The connection to my thesis (relative to BLADE): many manipulation predicates — is_grasped, is_inserted, is_full, surface_is_rough, is_screwed_tight — are not visually evaluable; they live in touch, force, and sound. ImageBind is the clearest existence proof that you can fold those non-visual channels into a single shared space using only naturally-paired data, without per-predicate text labels. The tantalizing version for BLADE: if a predicate classifier f_θ(p) could read from a bound audio/tactile embedding rather than RGB pixels, the categorical abstraction layer would finally have access to the sensory channels where these predicates actually live.

But two caveats sharpen rather than soften the point: (1) ImageBind binds via image co-occurrence, and the predicates I care about are precisely the ones where the image is uninformative (you can't see torque) — so naive image-as-hub binding may be the wrong topology for force/touch; UniTouch and the tactile-foundation-model line are the papers testing that. (2) The binding is perceptual, not symbolic/causal, so it complements rather than replaces BLADE's structured precondition/effect reasoning. The interesting research question is the seam between them: a bound multisensory embedding feeding learned symbolic predicates.

Quotable

We show that all combinations of paired data are not necessary to train such a joint embedding, and only image-paired data is sufficient to bind the modalities together. — Abstract

We observe an emergent behavior in the embedding space that aligns two pairs of modalities (ℳ₁, ℳ₂) even though we only train using the pairs (ℬ, ℳ₁) and (ℬ, ℳ₂). — §3.2, Emergent alignment

The emergent capabilities improve with the strength of the image encoder ... and ImageBind serves as a new way to evaluate vision models for visual and non-visual tasks. — Abstract

Papers cited that should likely be ingested next:

AudioCLIP [27] (Guzhov et al.) — closest baseline; adds audio to CLIP with explicit (audio, text) supervision. PDF (if dropped).
CLIP [60] (Radford et al.) — the (image, text) backbone whose frozen encoders ImageBind inherits and extends.
AVID [50] (Morgado et al.) — audio-visual instance discrimination with cross-modal agreement; the (video, audio) training-pair lineage.
DALLE-2 / unCLIP [61] — the diffusion decoder ImageBind repurposes for audio→image generation.
OmniMAE / Omnivore [20, 21] (Girdhar et al.) — same authors' single-model-many-visual-modalities precursors.

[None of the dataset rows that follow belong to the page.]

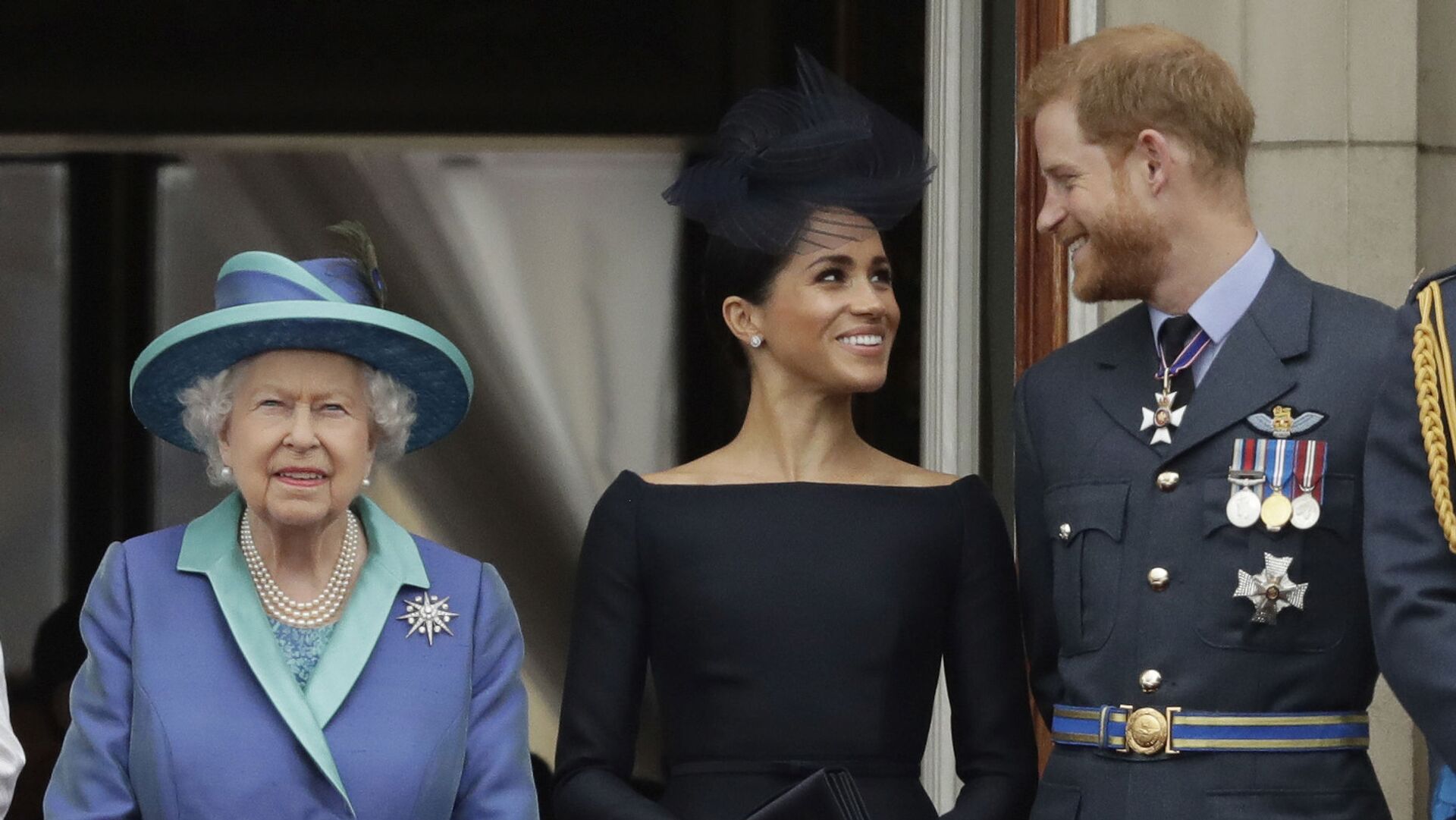 In this 10 July 2018 file photo, Britain's Queen Elizabeth II, Meghan the Duchess of Sussex and Prince Harry watch a flypast of Royal Air Force aircraft pass over Buckingham Palace in London. - Sputnik International, 1920, 09.06.2021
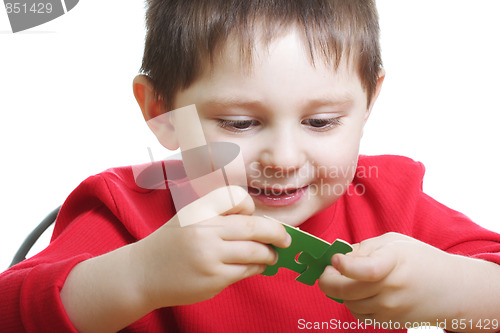 Image of Smiling boy assembling green puzzles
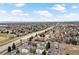 Expansive aerial view showcases the neighborhood's layout, nearby highway, and distant city skyline at 7770 W 87Th Dr # F, Arvada, CO 80005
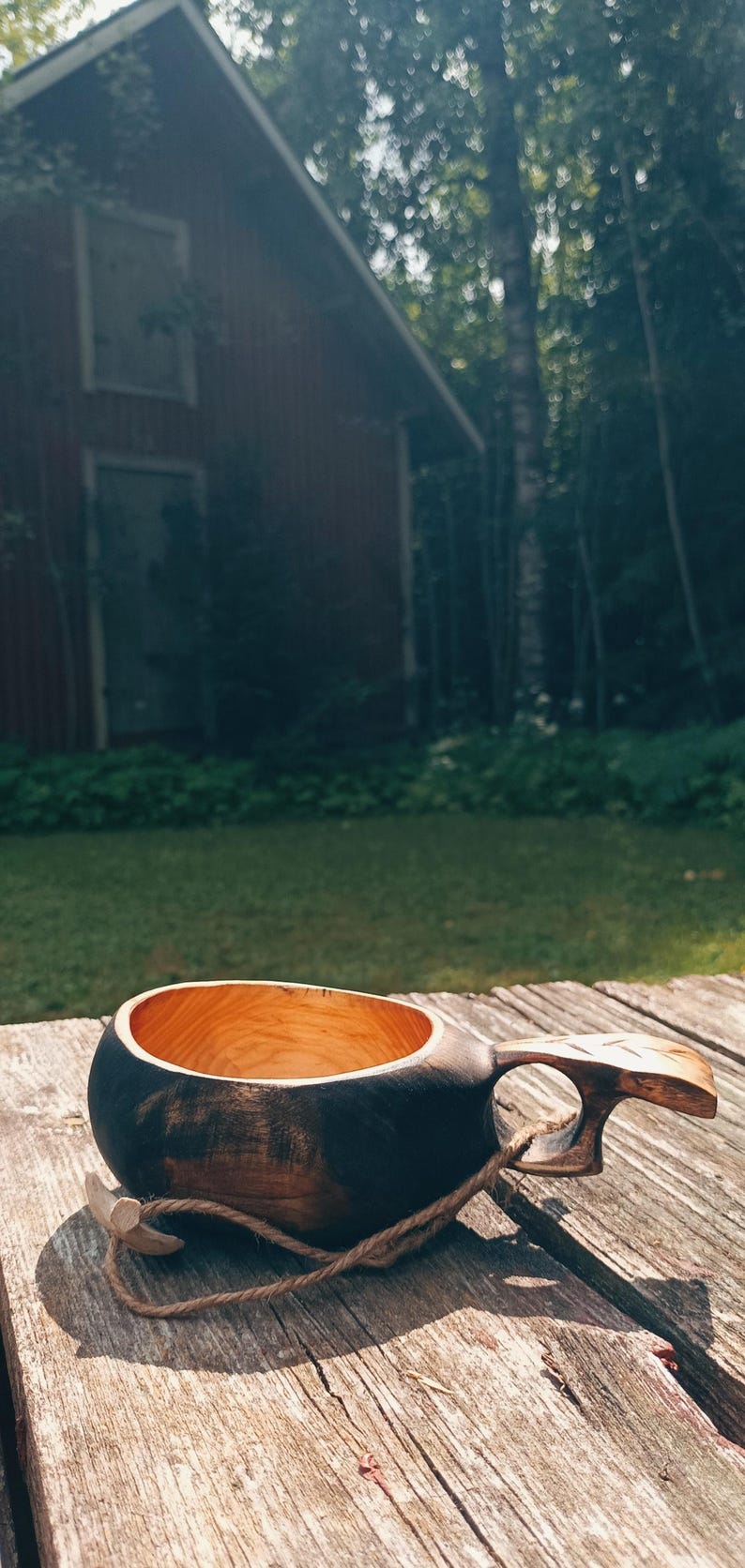 May include: A handcrafted wooden cup with a dark, charred exterior and a smooth, light-colored natural wood interior. The cup features a carved handle with a small hole and a thick, braided jute cord attached to the side for hanging or carrying.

Newly ingested in the 2026-06-24 batch — directly relevant to this work:

UniTouch — the direct embodied successor: applies the ImageBind recipe with touch as a new modality bound through images, exactly the touch-channel extension my "Why I care" wants.
LanguageBind — sibling binding paper that swaps the hub from image to language; the obvious contrast in anchor choice.
Meta-Transformer — unified frozen-encoder-across-12-modalities alternative; a different route to "one model, many modalities."
FuSe — builds on image-as-hub binding to fuse heterogeneous robot sensors under language; the manipulation-policy payoff of this representation idea.
AudioCLIP and CLAP — the audio–language binding line ImageBind is measured against (Tables 3–4).
PaLM-E — the other Cluster-H anchor: embodied multimodal LM; complementary "tokens-into-an-LLM" route vs ImageBind's "contrastive shared space."
Any2Policy — any-modality visuomotor policy; downstream consumer of bound multimodal representations.